久子さんの部屋にはたくさんの写真が飾ってある。中でも久子さんのお気に入りは、故郷石川県の温泉旅館に親戚が集まった時の写真と、父の葬儀の時の集合写真だ。
ぼくの伯父さんや伯母さん、いとこや姪っ子、甥っ子、大勢が写っているので、久子さんにとっても一人ひとりの思い出がたくさんあるから、いつもいろんなことをつぶやいていた。2枚ともぼくの弟が持ってきてくれた写真、はがき大の大きさの中に20人以上写っているから、壁に貼ると一人ひとりが小さくて見にくい。
そこでぼくはその写真をスマホで撮影し、プリンターで印刷をしてA4サイズに拡大し、写真用のフレームに入れて久子さんに見せた。すると久子さんは、
『うわー、なんていい写真だこと、こんなに大勢写っている!うれしい!うれしい!!』
見せた写真は、以前から久子さんの部屋にあった写真だが、久子さんにとっては、初めて見る写真に生まれ変わった瞬間だ!
『いい写真をもらってうれしいわ!あんたはこういうところマメだね、よかった!ありがとー!』
はがき大の写真をそのままスマホで写して拡大しても、どうなんだろうか・・?とも思ったが、人の顔がきちんとわかる高いクオリティーを発揮してくれた!久子さんを喜ばせるには十分だ。今は、過去のアナログ写真をデータ化して再生できる、本当に便利な世の中だ!精密なカメラを備えたスマホと、きれいに印刷してくれるプリンターに感謝、感謝です。
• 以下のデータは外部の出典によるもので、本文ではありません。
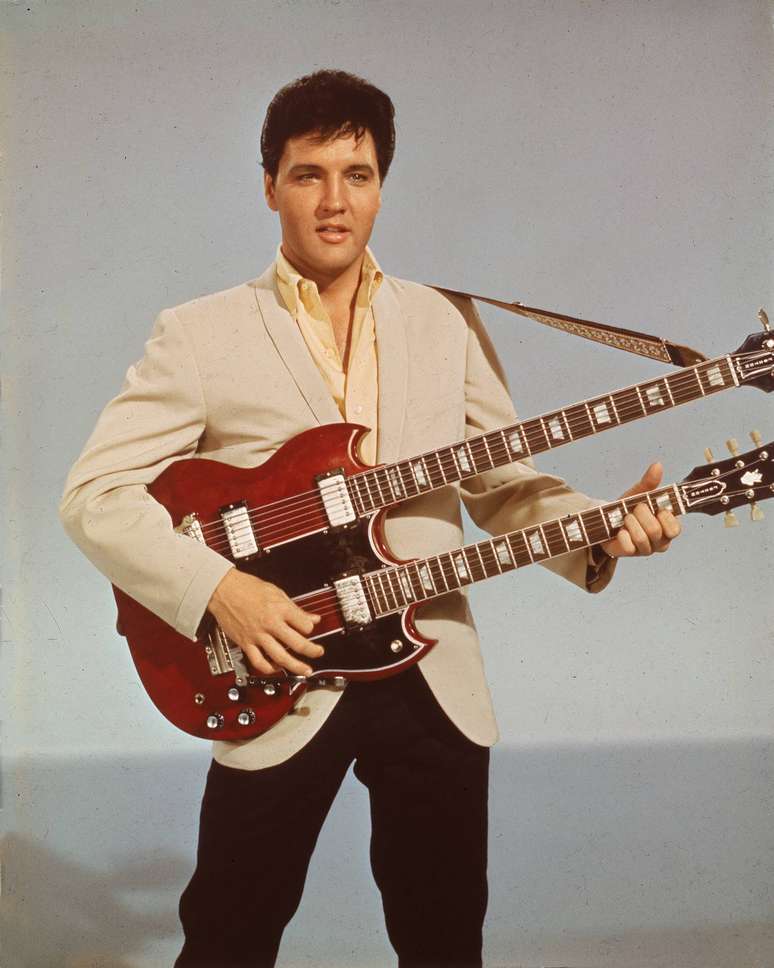 Elvis Presley em 1966 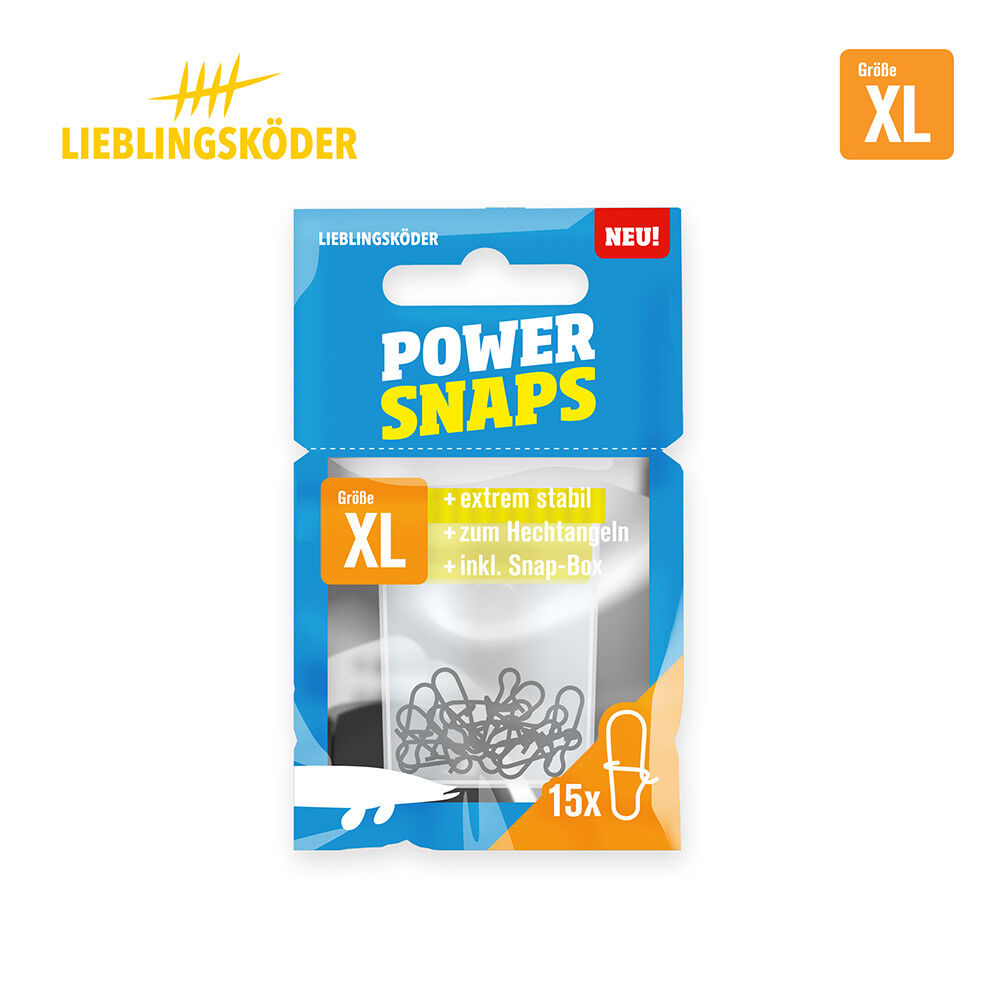 Lieblingsköder Power Snaps S - XL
久子さんはすっかり写真に夢中!!まるで、新しいゲームを与えられた子供のようだ。写真を眺めながら、ひとり一人、元気にしているか、ぼくに訪ねてくる。だが、既に亡くなっている伯父さんや伯母さんが何人もいる。
『あらー、そうなの、知らんかった、いつ亡くなったの?』
久子さんは父とともに、亡くなった人のほとんどの葬儀には、故郷である石川県に行き参列している。
『きっと、天国でみんな、こんなおばば、ま~だ生きとるんか!って笑っとるわ』
久子さんはよく自分のことを「こんなおばば」と表現する。
その人、息子です…
そして、父の葬儀の集合写真を見ながら、久子さんは
『お父さんのお葬式の写真なのにお父さんが写っているみたいだけど、なんか変だね、この人はだれ?』
写真の中に写っている父の遺影のことを言っているのかと思いきや、久子さんの隣に座っている男性を指していた。
『あのねー、それはぼくなんだけど!』
『あんたかいな、えらい貫禄があるように写っとるから、お父さんかと思ったわ』
『そこに写っているのは久子さんの旦那さんではなく、久子さんの息子なんですけど!』
この日久子さんは、ぼくが持ってきた写真にくぎ付けになり、約1時間半、休みなくしゃべり続けた。
ひとり一人のことを、詳しく聞いては忘れ、聞いては忘れを繰り返すエンドレスが続き、ぼくの忍耐に限界が見えても、久子さんは超楽しそう、超お元気。そして、写真の中で久子さんの隣に座っているぼくが、久子さんには、貫禄ある知らない男性に見えている、このやり取りが10回ほど続いた。
いつの日か久子さんに、ドアを開けた瞬間、
『どちらさまでしょうか』
と言われる日がやって来るのだろう。久子さんが100歳まで生きるとして、90歳を過ぎた頃には、ぼくは貫禄ある知らない爺さんになるのだろうか….それまであと5年…。
その頃には、どんな久子さんがいるだろう? 現在は超元気な「チビバンバ」だが、少しはおとなしくなっているのだろうか?
元気にはしゃぎすぎて、突然パタリと倒れて亡くなる。
そしてカッコイイ最期を迎えてもらいたいものだ。